AIM OF THE EXERCISE: Leave out all pictures and retype exactly the lines from the one with "Ultra-flat ceiling light with wood look" through the last line of the material.

EXCERPTED RECORDS:
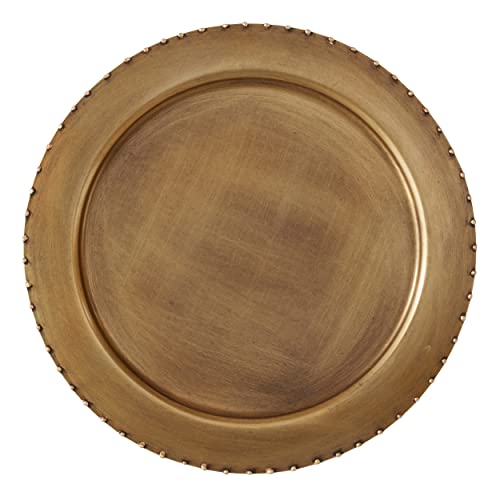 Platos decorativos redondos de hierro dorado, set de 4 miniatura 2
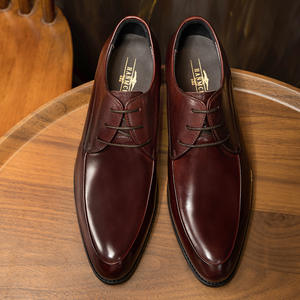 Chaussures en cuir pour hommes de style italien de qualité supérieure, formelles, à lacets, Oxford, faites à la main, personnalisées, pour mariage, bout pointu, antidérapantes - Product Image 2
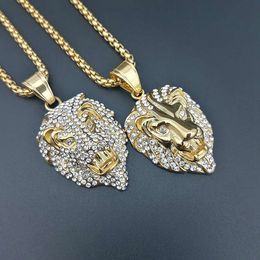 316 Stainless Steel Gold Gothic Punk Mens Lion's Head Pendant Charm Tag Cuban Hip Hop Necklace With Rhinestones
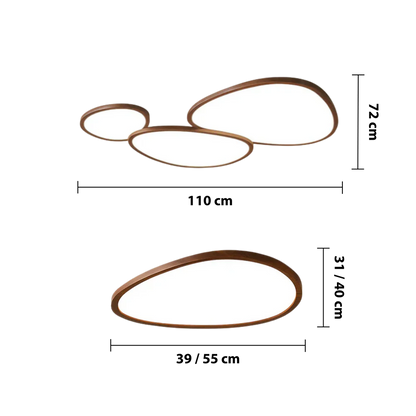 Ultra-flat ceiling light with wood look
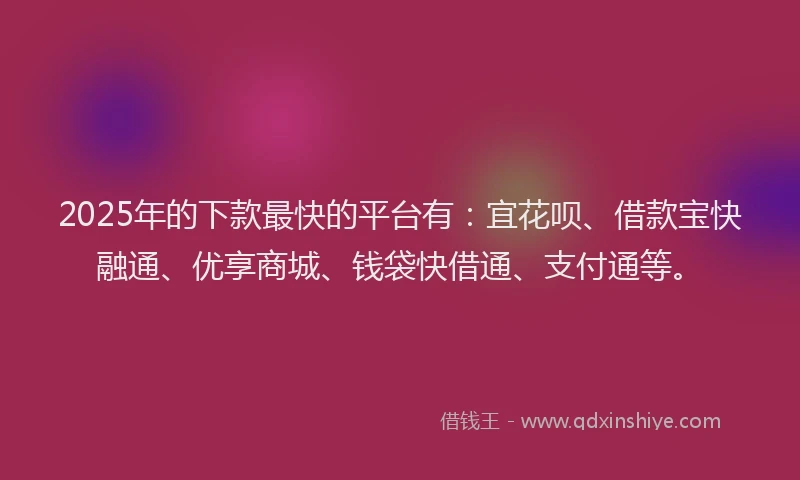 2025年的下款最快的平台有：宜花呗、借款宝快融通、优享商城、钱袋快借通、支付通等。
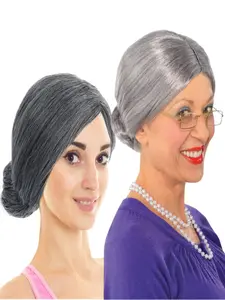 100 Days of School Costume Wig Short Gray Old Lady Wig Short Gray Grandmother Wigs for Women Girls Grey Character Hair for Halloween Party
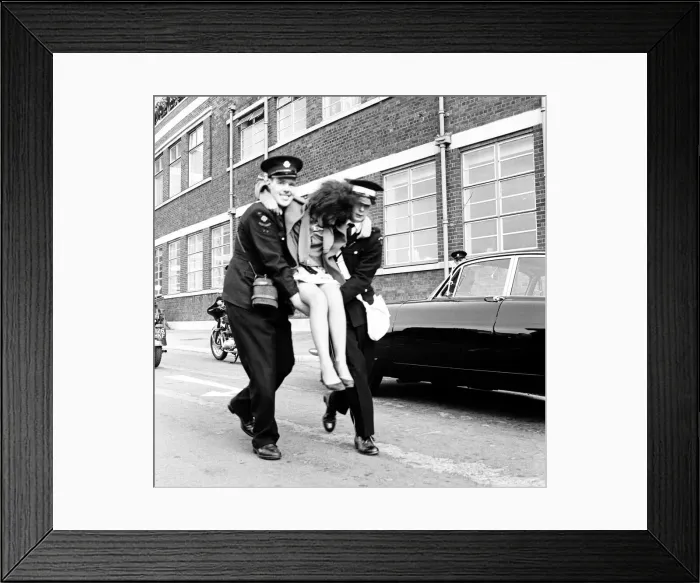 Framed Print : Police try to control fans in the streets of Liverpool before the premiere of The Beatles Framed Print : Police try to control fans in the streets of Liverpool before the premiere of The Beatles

ANSWER BELOW:
 Ultra-flat ceiling light with wood look
 2025年的下款最快的平台有：宜花呗、借款宝快融通、优享商城、钱袋快借通、支付通等。
 100 Days of School Costume Wig Short Gray Old Lady Wig Short Gray Grandmother Wigs for Women Girls Grey Character Hair for Halloween Party
 Framed Print : Police try to control fans in the streets of Liverpool before the premiere of The Beatles Framed Print : Police try to control fans in the streets of Liverpool before the premiere of The Beatles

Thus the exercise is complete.